Rolling back environmental regulations that demand cleaner fuels will not change the math: natural gas is already cheaper than coal, and solar and wind are getting there. The only way to save the industry is for the federal government to put its thumb on the scale, as Energy Secretary Rick Perry has done with his proposal to attach a value to the reliability and resilience coal-fired power plants and to pay the power producers a subsidy equal to that value.

Peabody stock posted a recent high of $29.79 last Friday. The stock closed at $28.63 on Thursday, down about 1.7% on the day for a drop of nearly 4% in the past week. The stock’s 52-week range is $22.58 to $32.50, and the consensus price target is $35.83.

Here is the email we received from the Peabody communications team:

We work with Peabody Energy on their communications program. They have brought to our attention a few points in your October 13 piece “How Texas Coal Plant Closure Affects Peabody Energy,” that we would like the opportunity to connect with you on background to see if you agree they might merit a correction.

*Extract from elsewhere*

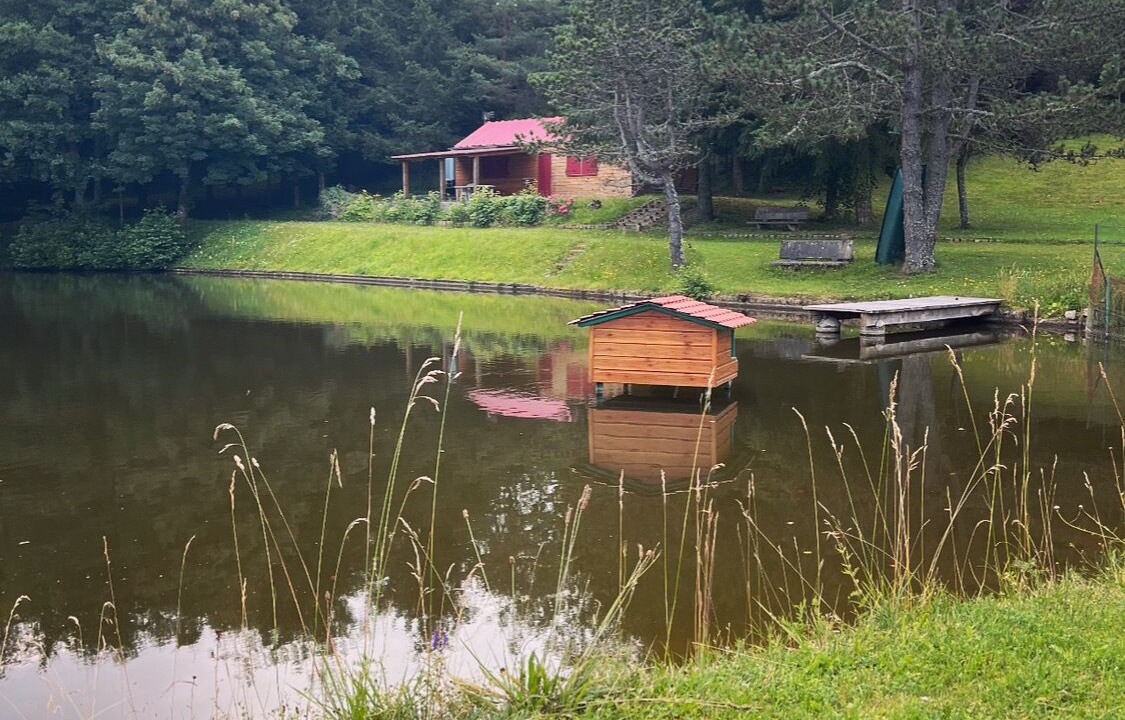 Photo of Outdoor in Manzat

In general, we note that the article was based on a report from IEEFA, an organization with a mission of “accelerating the transition to a diverse, sustainable and profitable energy economy.”  We make this point to highlight that there is a specific bias in the original IEEFA’s article, including conclusions drawn based on incomplete or imperfect information.

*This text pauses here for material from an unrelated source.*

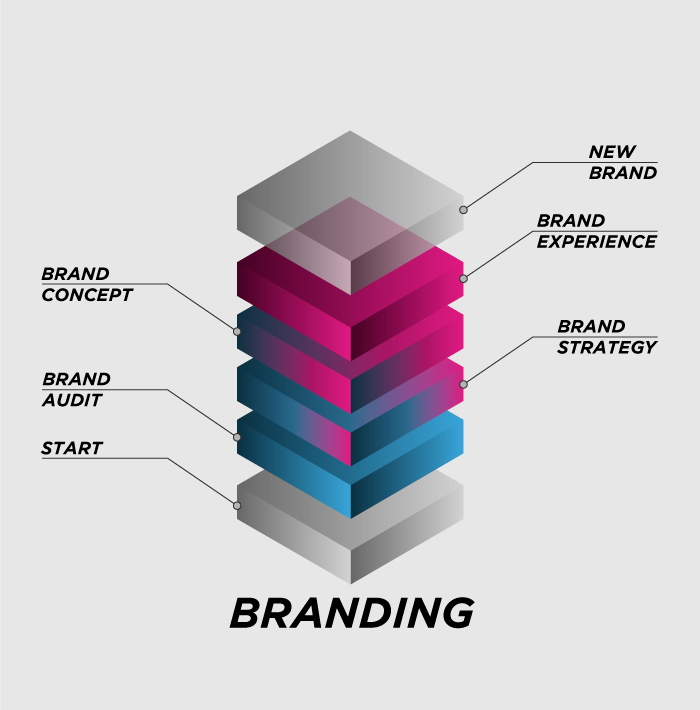 branding-infographic-vece-V1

Specifically as it relates to your article:

  • It is not accurate to compare costs based on a spot price for 8,400 Btu coal with an average cost across the dozens of coal types Peabody mines in the PRB. Therefore, the statement that it “already costs Peabody more to mine the Rawhide coal than it earns by selling it” is false – based on an apples to oranges comparison.  As you can see in Peabody’s earnings release, the average cost per ton across Peabody’s entire PRB platform was $9.80 through June 30 and the average price per ton was $12.77.  It’s important for you to note that Mine costs may vary by as much as $6 per ton at Peabody’s PRB locations.
  • The quoted text from the IEEFA report is inaccurate, as it does the same thing as the prior point by comparing the spot price for a specific lower quality product with the costs Peabody incurs producing dozens of coal types across all the mines in its PRB complex.
  • The statement “Peabody knows the coal’s days are numbered” is an editorial assumption, not a statement that Peabody has made.
  • The Rawhide mine production information of 11.8M tons is incorrect – the company is not sure where the figure came from, but we can point you to the Mine Safety and Health Administration (MSHA), which is considered the best source of data for mining productivity (Rawhide mine is #4800993).  You can see there that the mine produced 5.3M tons through Q2, and 7.8 million tons through Q3.
  • Similar to the prior point, the statement about needing to mine 21M tons next year including 7M to make up for the Monticello loss is false, and we don’t think it is a fair portrayal of our business to draw conclusions about any Peabody PRB mine based on information about a single customer sourced from a third party.  Peabody has scores of customers from its three PRB mines, and operates those mines as a complex — moving people, equipment and contracts to where they are best served and most needed.
  • Similarly, the statement about needing to capture 84% of the growth is false because of the same issue.